4 Comparing Correlations

Now we want to check our three different pairwise comparisons and compare their values.

cor(Class.Data$Test.1,out$Test.2,
    method = c("pearson"))
## [1] 0.7
cor(Class.Data$Test.1,out$Test.2,
  method = c("spearman"))
## [1] 0.6822871
cor(Class.Data$Test.1,out$Test.2,
    method = c("kendall"))
## [1] 0.493584
  • we can see pearson and spearman are roughly the same, but kendall is very much different. That’s because Kendall is a test of strength of dependece (i.e. one could be written as a linear function of the other), whereas Pearson and Spearman are nearly equivalent in the way they correlate normally distributed data. All of these correlations are correct in their result, it’s just that Pearson/Spearman are looking at the data in one way, and Kendall in another.

  • A better situation for spearman or kendall (but not for pearson) when the data is ORDINAL, in that it is ranked.
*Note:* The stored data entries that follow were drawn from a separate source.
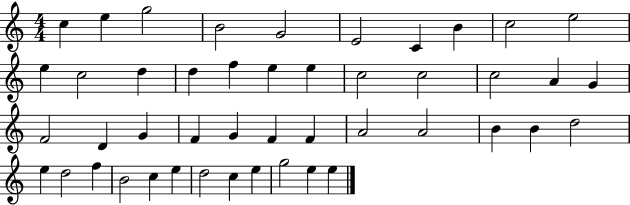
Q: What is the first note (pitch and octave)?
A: C5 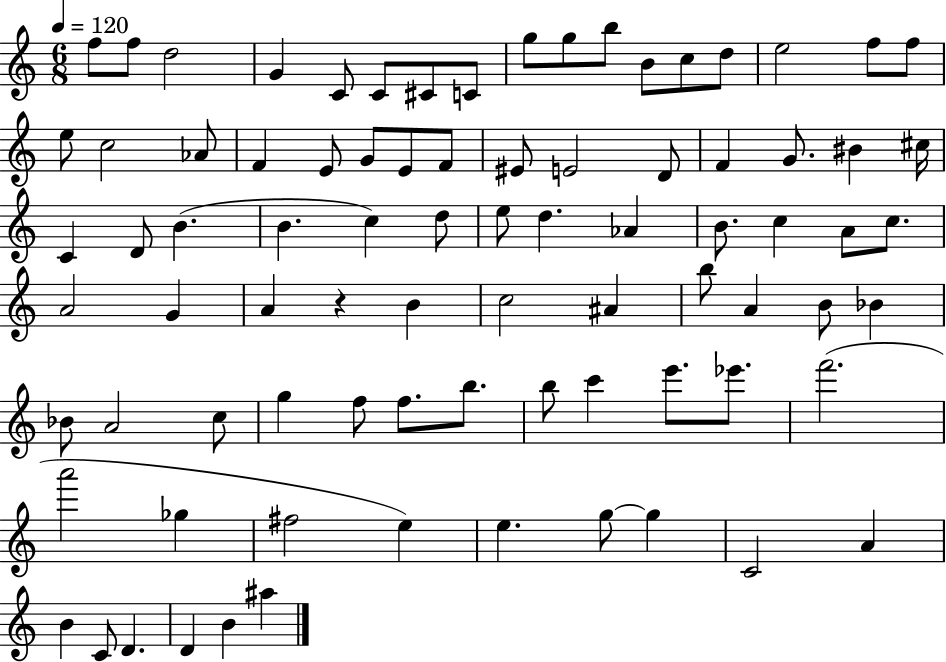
{
  \clef treble
  \numericTimeSignature
  \time 6/8
  \key c \major
  \tempo 4 = 120
  \repeat volta 2 { f''8 f''8 d''2 | g'4 c'8 c'8 cis'8 c'8 | g''8 g''8 b''8 b'8 c''8 d''8 | e''2 f''8 f''8 | \break e''8 c''2 aes'8 | f'4 e'8 g'8 e'8 f'8 | eis'8 e'2 d'8 | f'4 g'8. bis'4 cis''16 | \break c'4 d'8 b'4.( | b'4. c''4) d''8 | e''8 d''4. aes'4 | b'8. c''4 a'8 c''8. | \break a'2 g'4 | a'4 r4 b'4 | c''2 ais'4 | b''8 a'4 b'8 bes'4 | \break bes'8 a'2 c''8 | g''4 f''8 f''8. b''8. | b''8 c'''4 e'''8. ees'''8. | f'''2.( | \break a'''2 ges''4 | fis''2 e''4) | e''4. g''8~~ g''4 | c'2 a'4 | \break b'4 c'8 d'4. | d'4 b'4 ais''4 | } \bar "|."
} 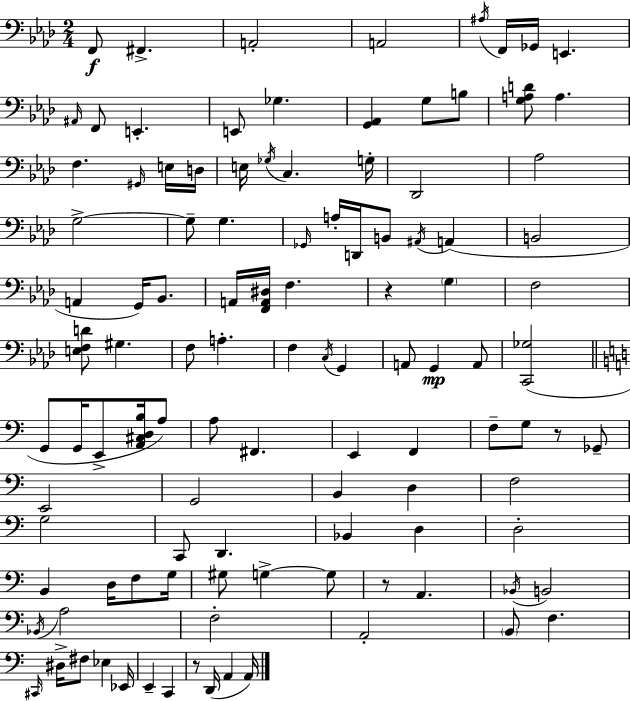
{
  \clef bass
  \numericTimeSignature
  \time 2/4
  \key aes \major
  f,8\f fis,4.-> | a,2-. | a,2 | \acciaccatura { ais16 } f,16 ges,16 e,4. | \break \grace { ais,16 } f,8 e,4.-. | e,8 ges4. | <g, aes,>4 g8 | b8 <g a d'>8 a4. | \break f4. | \grace { gis,16 } e16 d16 e16 \acciaccatura { ges16 } c4. | g16-. des,2 | aes2 | \break g2->~~ | g8-- g4. | \grace { ges,16 } a16-. d,16 b,8 | \acciaccatura { ais,16 }( a,4 b,2 | \break a,4 | g,16) bes,8. a,16 <f, a, dis>16 | f4. r4 | \parenthesize g4 f2 | \break <e f d'>8 | gis4. f8 | a4.-. f4 | \acciaccatura { c16 } g,4 a,8 | \break g,4\mp a,8 <c, ges>2( | \bar "||" \break \key c \major g,8 g,16 e,8-> <a, cis d b>16 a8) | a8 fis,4. | e,4 f,4 | f8-- g8 r8 ges,8-- | \break e,2 | g,2 | b,4 d4 | f2 | \break g2 | c,8 d,4. | bes,4 d4 | d2-. | \break b,4 d16 f8 g16 | gis8 g4->~~ g8 | r8 a,4. | \acciaccatura { bes,16 } b,2 | \break \acciaccatura { bes,16 } a2 | f2-. | a,2-. | \parenthesize b,8 f4. | \break \grace { cis,16 } dis16-> fis8 ees4 | ees,16 e,4-- c,4 | r8 d,16( a,4 | a,16) \bar "|."
} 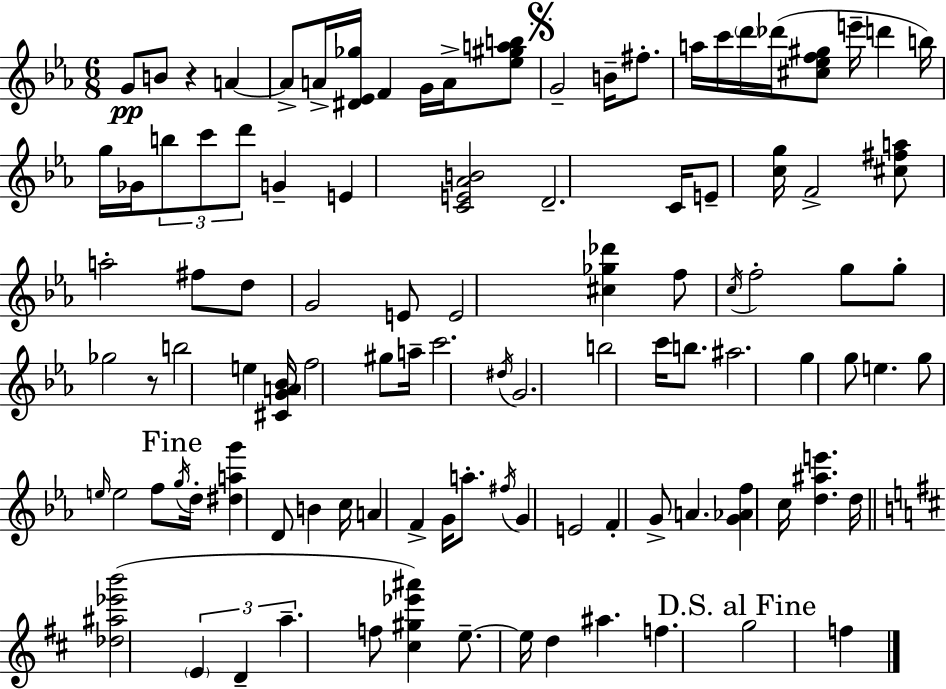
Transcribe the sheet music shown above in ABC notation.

X:1
T:Untitled
M:6/8
L:1/4
K:Eb
G/2 B/2 z A A/2 A/4 [^D_E_g]/4 F G/4 A/4 [_e^gab]/2 G2 B/4 ^f/2 a/4 c'/4 d'/4 _d'/4 [^c_ef^g]/2 e'/4 d' b/4 g/4 _G/4 b/2 c'/2 d'/2 G E [CE_AB]2 D2 C/4 E/2 [cg]/4 F2 [^c^fa]/2 a2 ^f/2 d/2 G2 E/2 E2 [^c_g_d'] f/2 c/4 f2 g/2 g/2 _g2 z/2 b2 e [^CGA_B]/4 f2 ^g/2 a/4 c'2 ^d/4 G2 b2 c'/4 b/2 ^a2 g g/2 e g/2 e/4 e2 f/2 g/4 d/4 [^dag'] D/2 B c/4 A F G/4 a/2 ^f/4 G E2 F G/2 A [G_Af] c/4 [d^ae'] d/4 [_d^a_e'b']2 E D a f/2 [^c^g_e'^a'] e/2 e/4 d ^a f g2 f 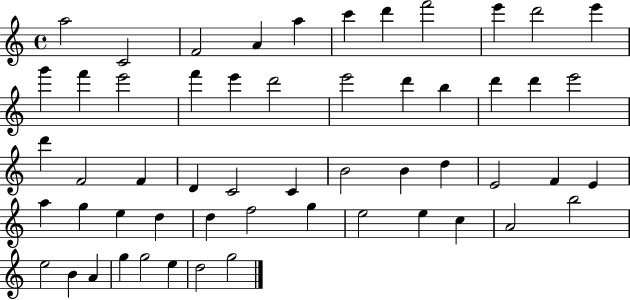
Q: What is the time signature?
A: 4/4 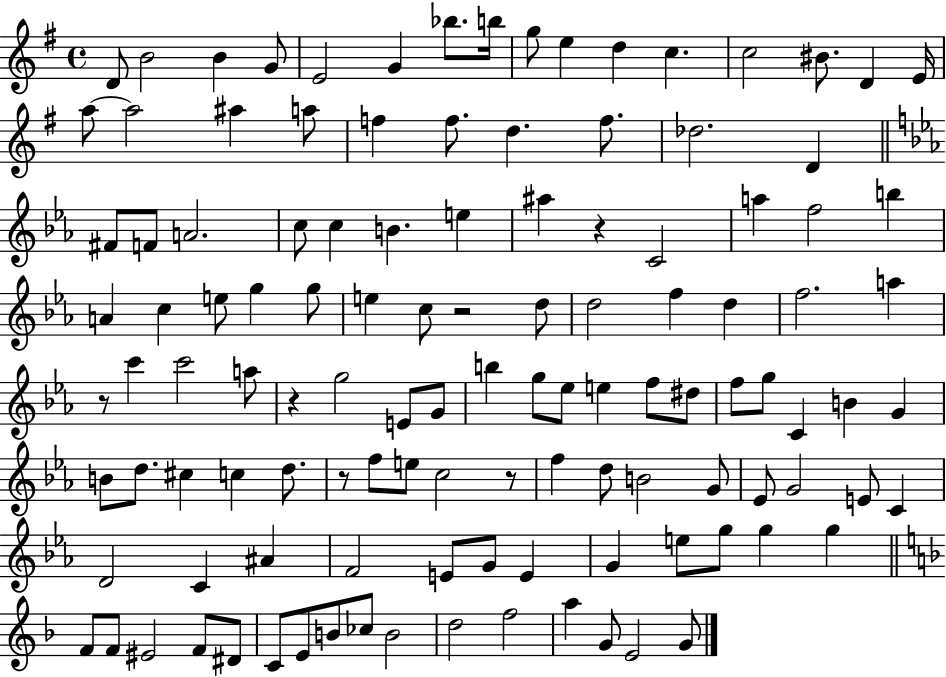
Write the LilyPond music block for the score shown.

{
  \clef treble
  \time 4/4
  \defaultTimeSignature
  \key g \major
  d'8 b'2 b'4 g'8 | e'2 g'4 bes''8. b''16 | g''8 e''4 d''4 c''4. | c''2 bis'8. d'4 e'16 | \break a''8~~ a''2 ais''4 a''8 | f''4 f''8. d''4. f''8. | des''2. d'4 | \bar "||" \break \key c \minor fis'8 f'8 a'2. | c''8 c''4 b'4. e''4 | ais''4 r4 c'2 | a''4 f''2 b''4 | \break a'4 c''4 e''8 g''4 g''8 | e''4 c''8 r2 d''8 | d''2 f''4 d''4 | f''2. a''4 | \break r8 c'''4 c'''2 a''8 | r4 g''2 e'8 g'8 | b''4 g''8 ees''8 e''4 f''8 dis''8 | f''8 g''8 c'4 b'4 g'4 | \break b'8 d''8. cis''4 c''4 d''8. | r8 f''8 e''8 c''2 r8 | f''4 d''8 b'2 g'8 | ees'8 g'2 e'8 c'4 | \break d'2 c'4 ais'4 | f'2 e'8 g'8 e'4 | g'4 e''8 g''8 g''4 g''4 | \bar "||" \break \key f \major f'8 f'8 eis'2 f'8 dis'8 | c'8 e'8 b'8 ces''8 b'2 | d''2 f''2 | a''4 g'8 e'2 g'8 | \break \bar "|."
} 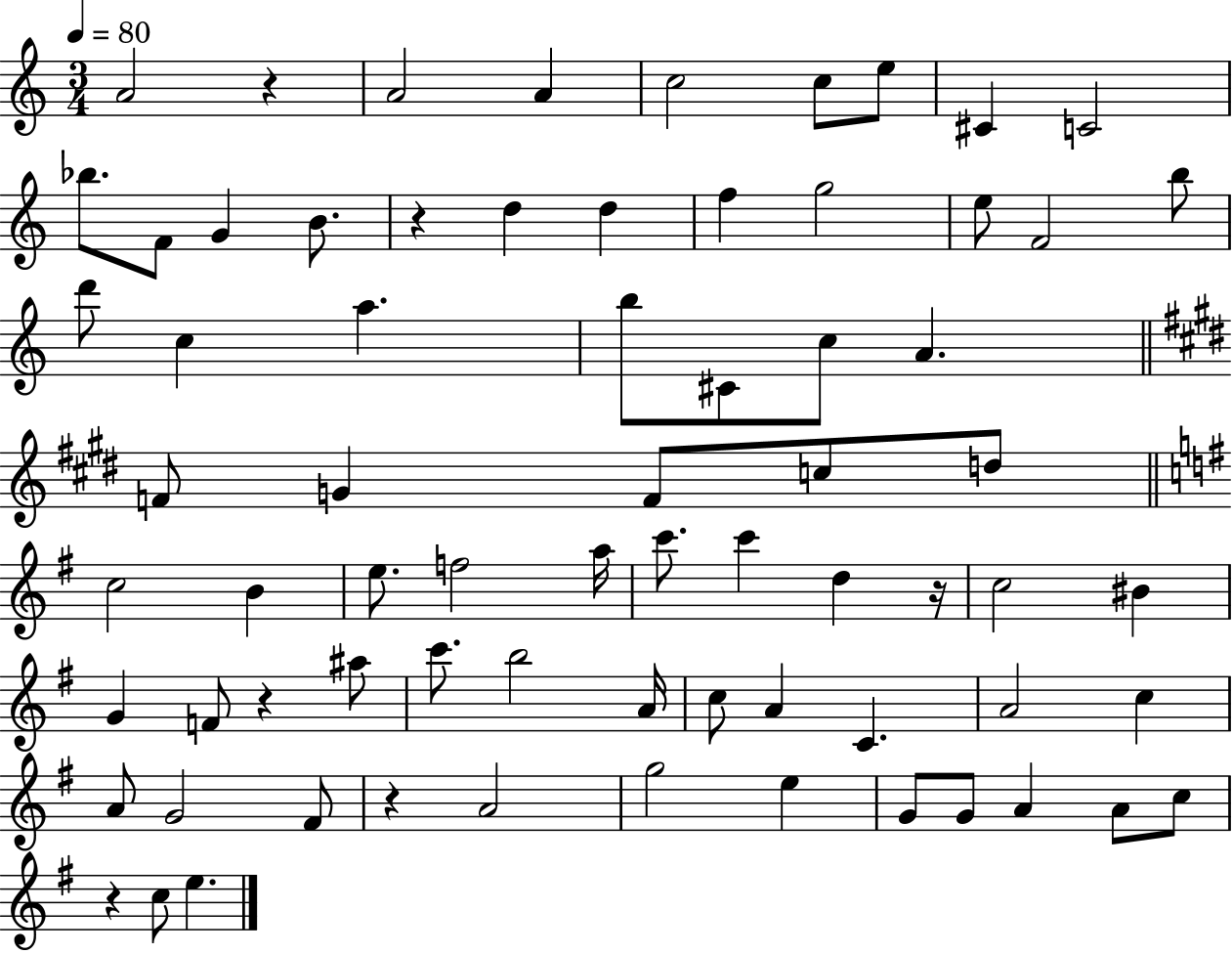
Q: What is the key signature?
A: C major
So let’s transform the test 1 scores into rank scores of how well each classmate did relative to one another.

##Create a rank for test one.  See more about the "rank" function below:
#?rank
Test.1.Rank <-rank(Class.Data$Test.1, na.last=NA,ties.method="first")

## And make a new data set with the rank test based on test 1 score
Class.Rank.1<-cbind(Test.1.Rank=Test.1.Rank,Class.Data)

#and now check our work
View(Class.Rank.1)

-And now let’s check the correlations again with the test 1 ranked data and the test 2 raw data:

cor(Class.Rank.1$Test.1.Rank,Class.Rank.1$Test.2,
    method=c("pearson"))
## [1] 0.6871984
cor(Class.Rank.1$Test.1.Rank,Class.Rank.1$Test.2,
    method=c("spearman"))
## [1] 0.6822871
cor(Class.Rank.1$Test.1.Rank,Class.Rank.1$Test.2,
    method=c("kendall"))
## [1] 0.493584
  • Here again we can see that pearson and spearman are very similar, though pearson has changed slightly. This is likely due to the granularity of one of the sources of data changing to whole integers instead of the numerous decimal places they had previously. However, we see that spearman and Kendall are exactly the same, as they is not as dependent upon the granularity of the integers.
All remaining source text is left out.